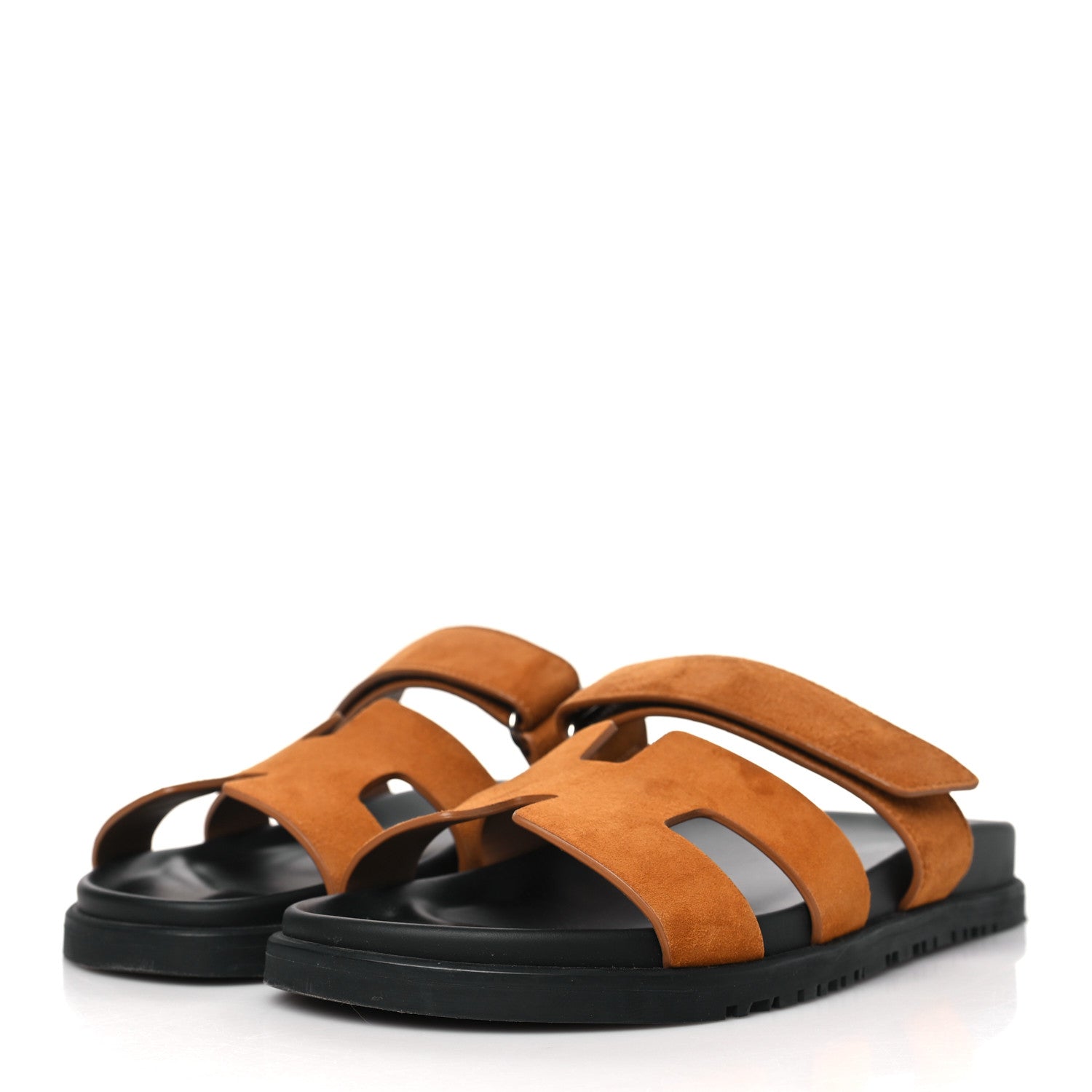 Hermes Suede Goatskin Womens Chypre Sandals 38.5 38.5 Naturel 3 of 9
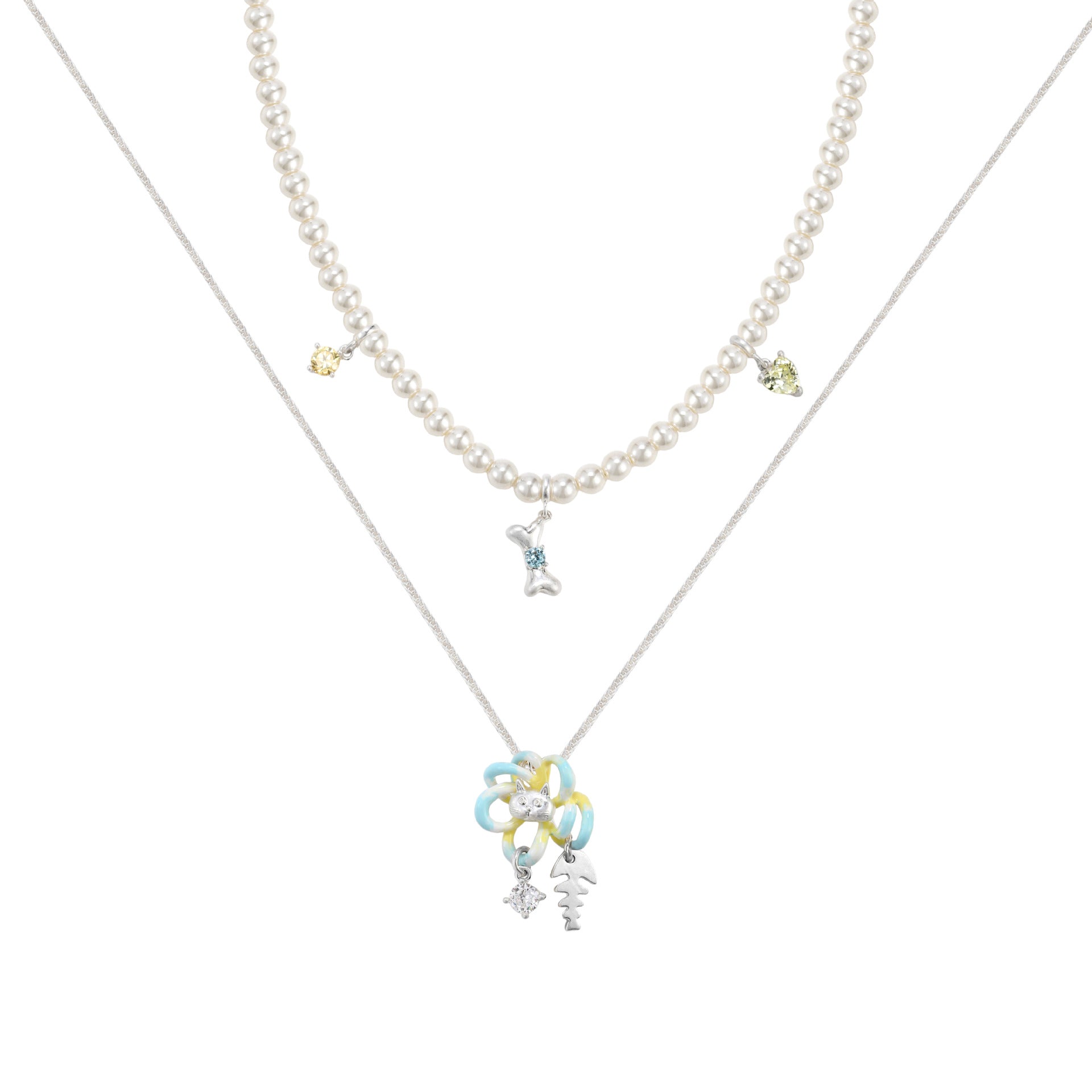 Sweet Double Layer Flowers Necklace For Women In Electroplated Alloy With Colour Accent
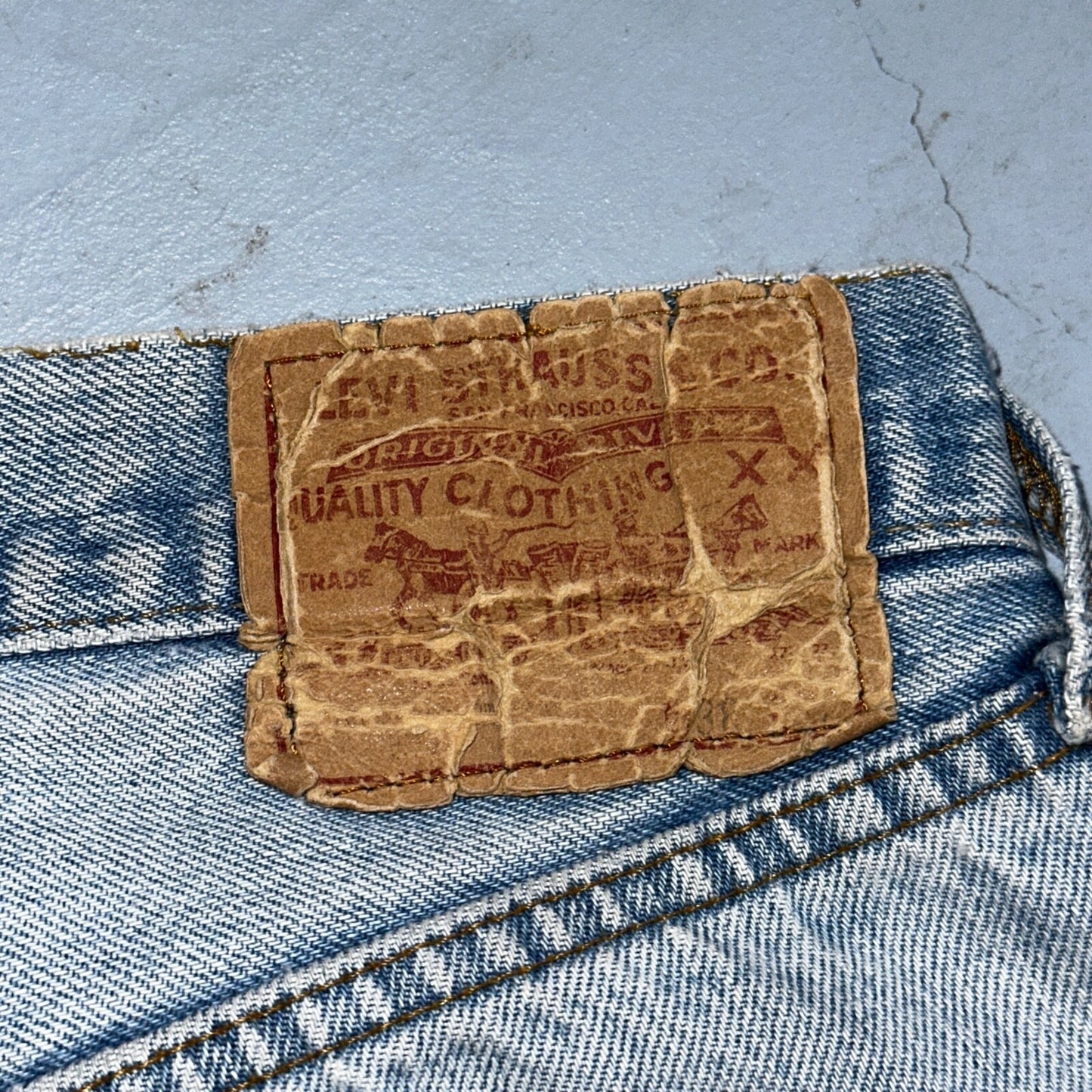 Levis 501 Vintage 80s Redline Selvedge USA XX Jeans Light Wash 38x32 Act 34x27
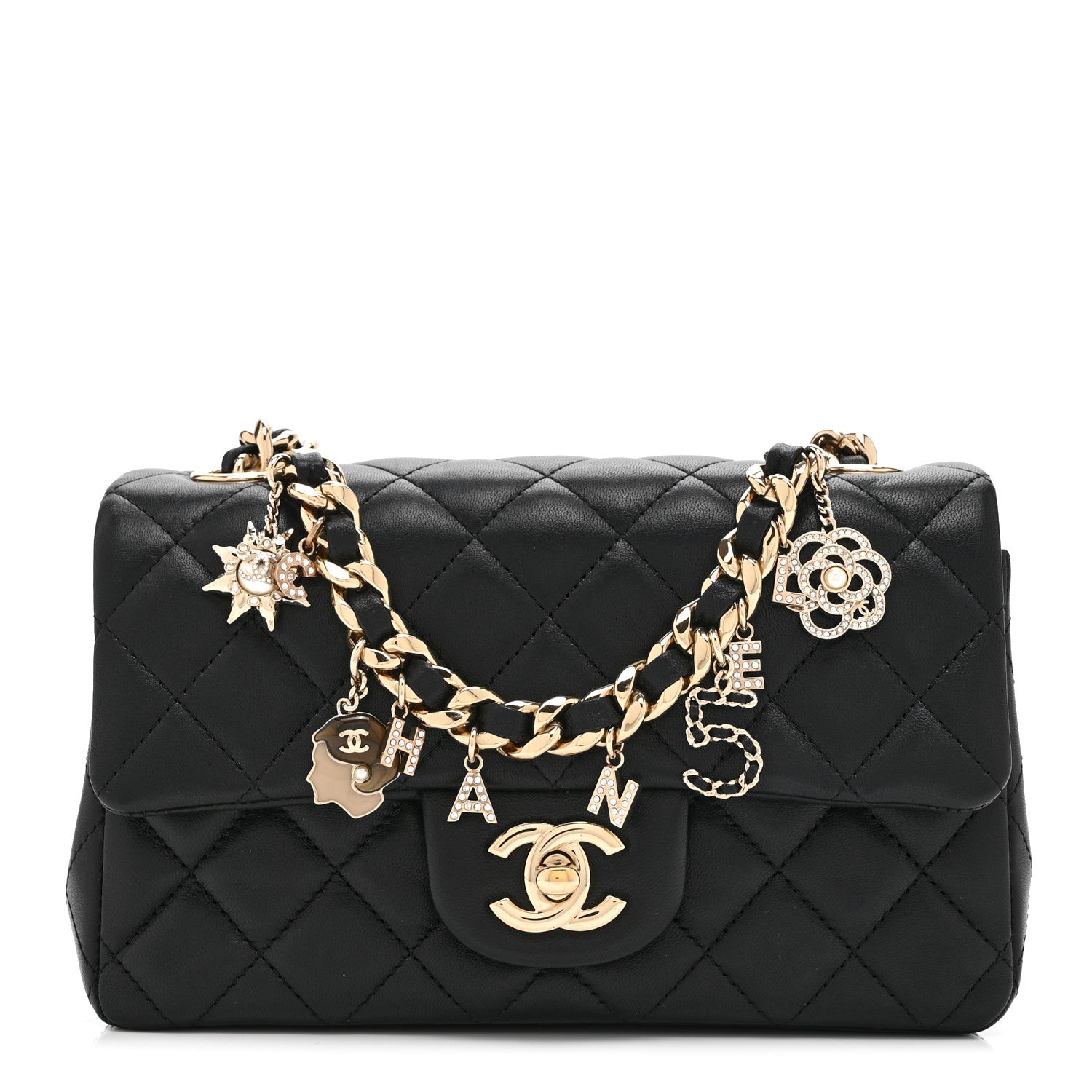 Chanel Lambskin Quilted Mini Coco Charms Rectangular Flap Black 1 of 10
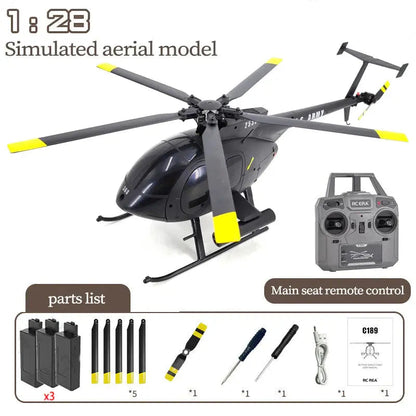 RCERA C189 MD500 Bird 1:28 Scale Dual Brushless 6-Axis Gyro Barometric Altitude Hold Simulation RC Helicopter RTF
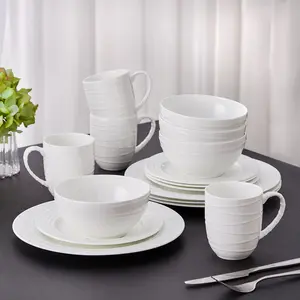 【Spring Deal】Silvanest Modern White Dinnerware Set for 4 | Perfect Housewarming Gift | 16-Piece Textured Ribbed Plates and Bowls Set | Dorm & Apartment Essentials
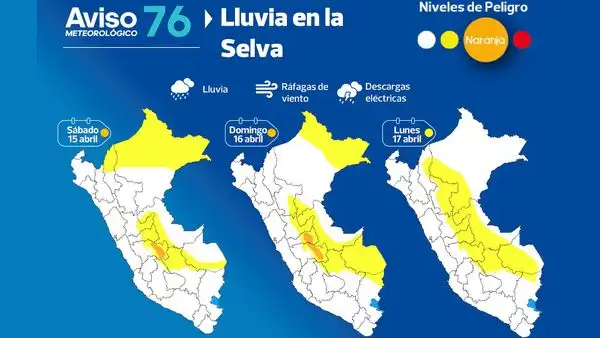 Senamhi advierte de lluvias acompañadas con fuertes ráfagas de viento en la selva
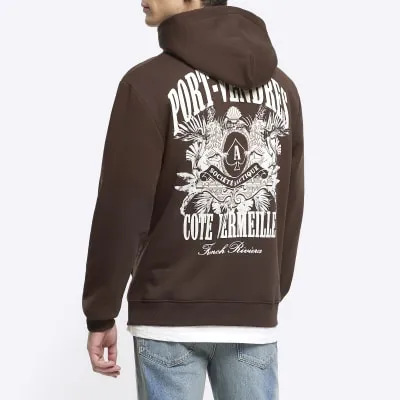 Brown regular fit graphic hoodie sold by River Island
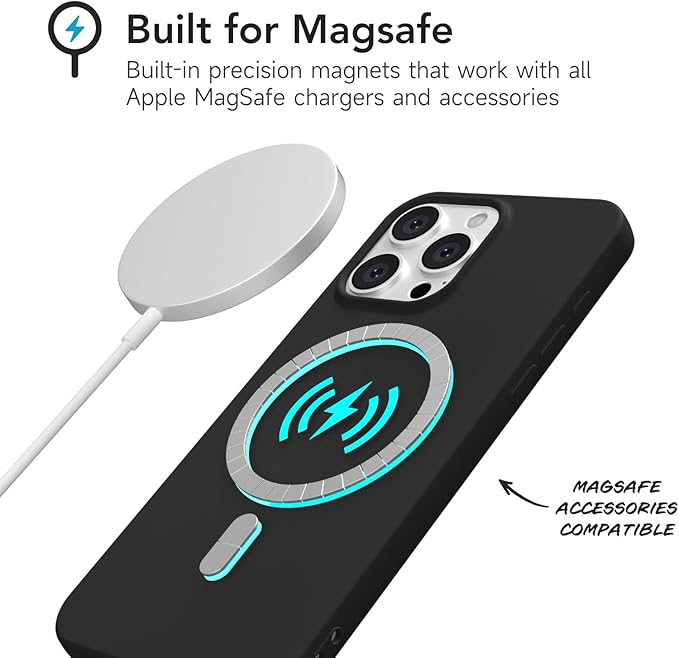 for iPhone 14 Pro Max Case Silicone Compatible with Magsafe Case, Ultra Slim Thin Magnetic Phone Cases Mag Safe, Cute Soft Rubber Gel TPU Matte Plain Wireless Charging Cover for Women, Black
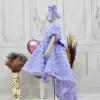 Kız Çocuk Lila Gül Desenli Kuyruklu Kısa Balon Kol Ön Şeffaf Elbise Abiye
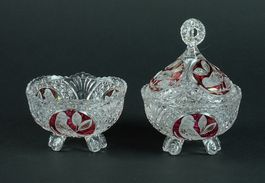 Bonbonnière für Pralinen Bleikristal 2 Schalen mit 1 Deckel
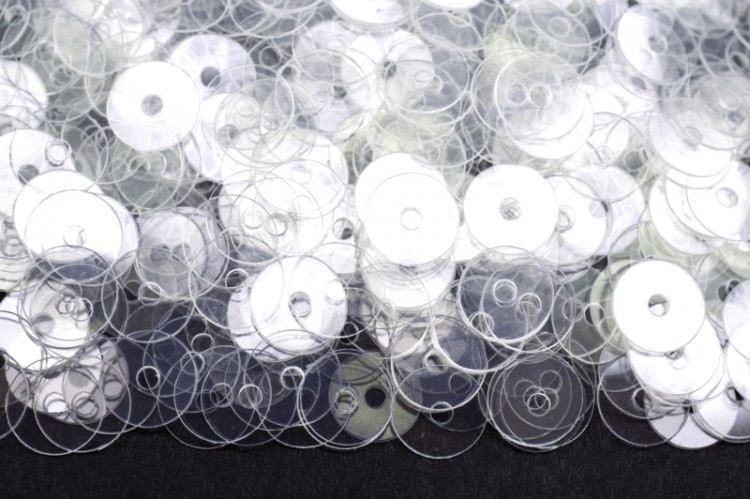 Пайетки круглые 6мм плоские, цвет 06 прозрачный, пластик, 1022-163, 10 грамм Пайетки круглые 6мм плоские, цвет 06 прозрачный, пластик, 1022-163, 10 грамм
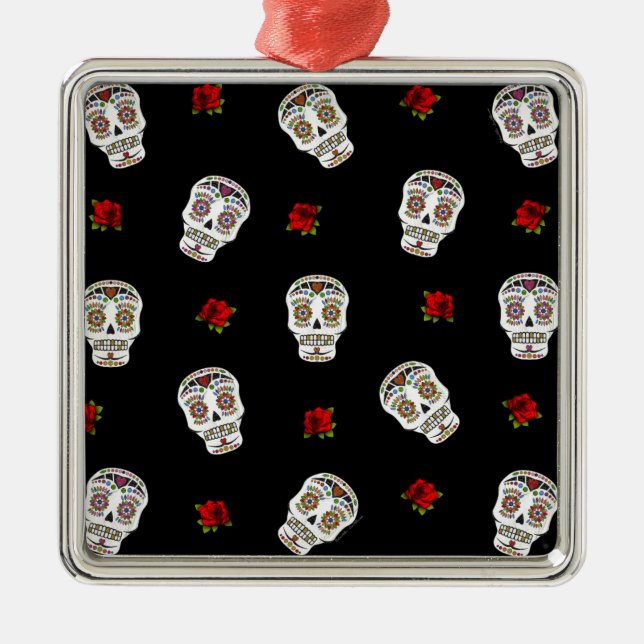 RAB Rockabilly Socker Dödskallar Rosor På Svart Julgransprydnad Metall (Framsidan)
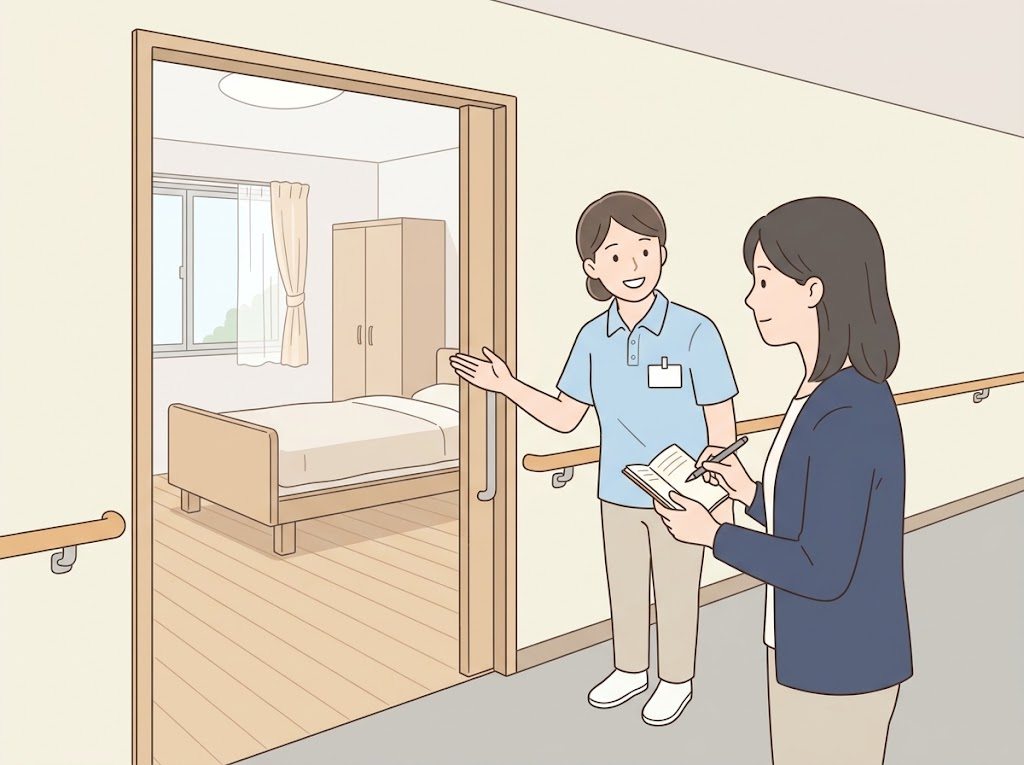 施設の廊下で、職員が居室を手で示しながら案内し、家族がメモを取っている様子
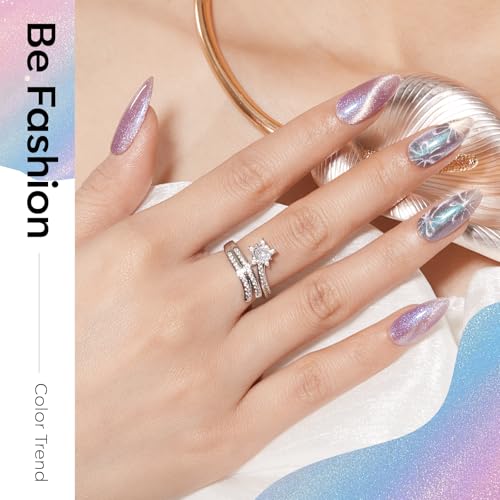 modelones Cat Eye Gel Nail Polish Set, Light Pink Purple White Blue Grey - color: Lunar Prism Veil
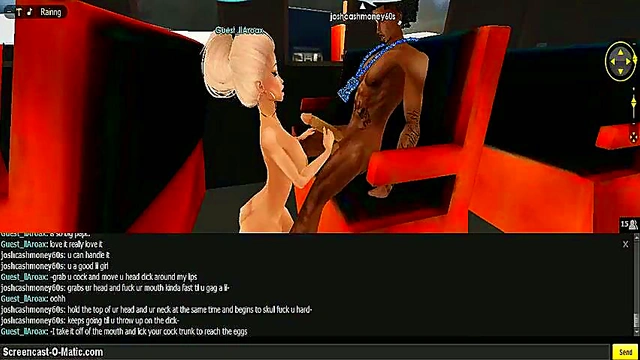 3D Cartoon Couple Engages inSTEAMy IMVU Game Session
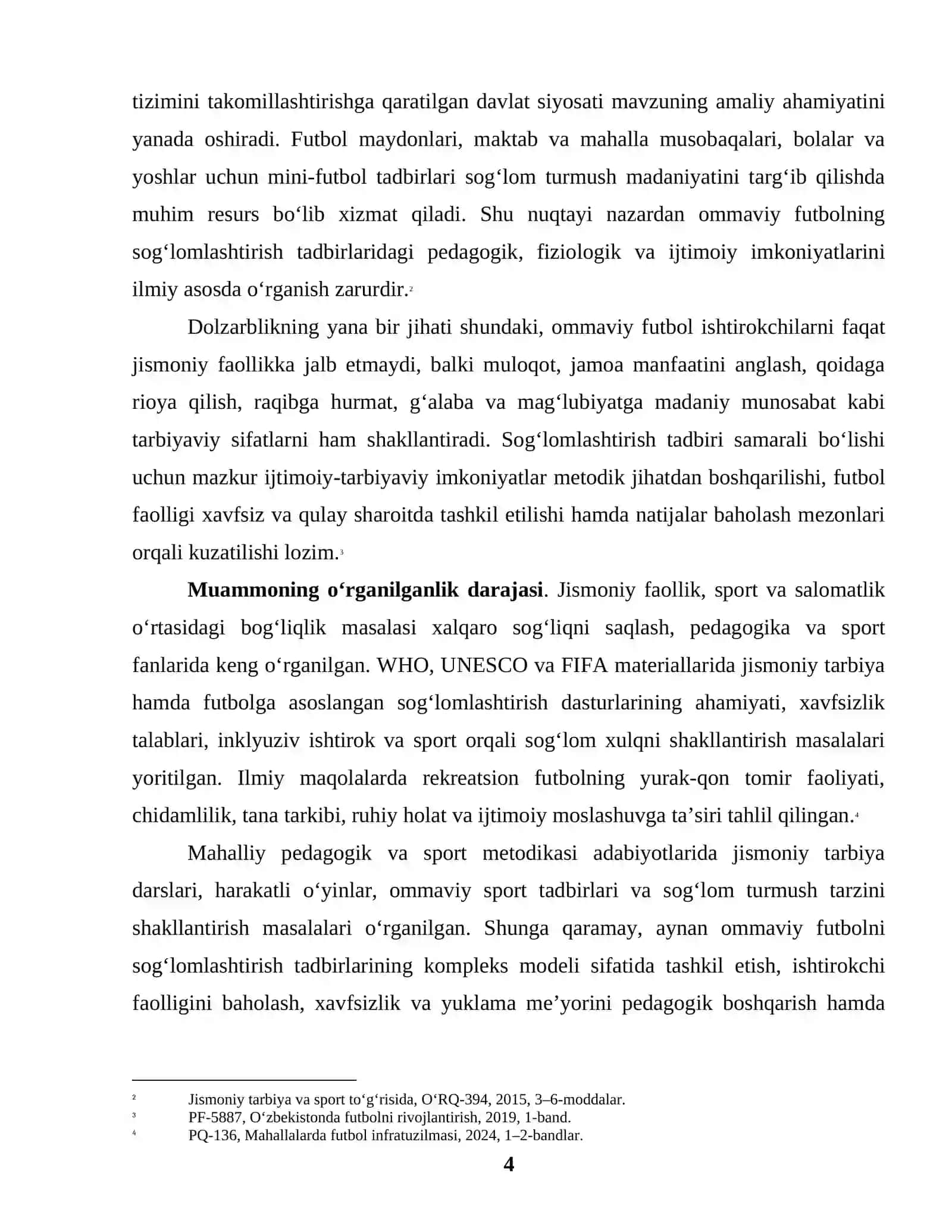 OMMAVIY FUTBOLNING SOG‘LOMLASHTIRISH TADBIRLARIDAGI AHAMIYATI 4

:::::

◆ Task directions
The reply should hold only the lines running from the top of the records to the line containing "施設の廊下で、職員が居室を手で示しながら案内し、家族がメモを取っている様子", both included, copied exactly with no pictures.

◆ Written response
 Hermes Suede Goatskin Womens Chypre Sandals 38.5 38.5 Naturel 3 of 9
 Sweet Double Layer Flowers Necklace For Women In Electroplated Alloy With Colour Accent
 Levis 501 Vintage 80s Redline Selvedge USA XX Jeans Light Wash 38x32 Act 34x27
 Chanel Lambskin Quilted Mini Coco Charms Rectangular Flap Black 1 of 10
 RCERA C189 MD500 Bird 1:28 Scale Dual Brushless 6-Axis Gyro Barometric Altitude Hold Simulation RC Helicopter RTF
 【Spring Deal】Silvanest Modern White Dinnerware Set for 4 | Perfect Housewarming Gift | 16-Piece Textured Ribbed Plates and Bowls Set | Dorm & Apartment Essentials
 Senamhi advierte de lluvias acompañadas con fuertes ráfagas de viento en la selva
 Brown regular fit graphic hoodie sold by River Island
 for iPhone 14 Pro Max Case Silicone Compatible with Magsafe Case, Ultra Slim Thin Magnetic Phone Cases Mag Safe, Cute Soft Rubber Gel TPU Matte Plain Wireless Charging Cover for Women, Black
 Kız Çocuk Lila Gül Desenli Kuyruklu Kısa Balon Kol Ön Şeffaf Elbise Abiye
 Bonbonnière für Pralinen Bleikristal 2 Schalen mit 1 Deckel
 Пайетки круглые 6мм плоские, цвет 06 прозрачный, пластик, 1022-163, 10 грамм Пайетки круглые 6мм плоские, цвет 06 прозрачный, пластик, 1022-163, 10 грамм
 RAB Rockabilly Socker Dödskallar Rosor På Svart Julgransprydnad Metall (Framsidan)
 施設の廊下で、職員が居室を手で示しながら案内し、家族がメモを取っている様子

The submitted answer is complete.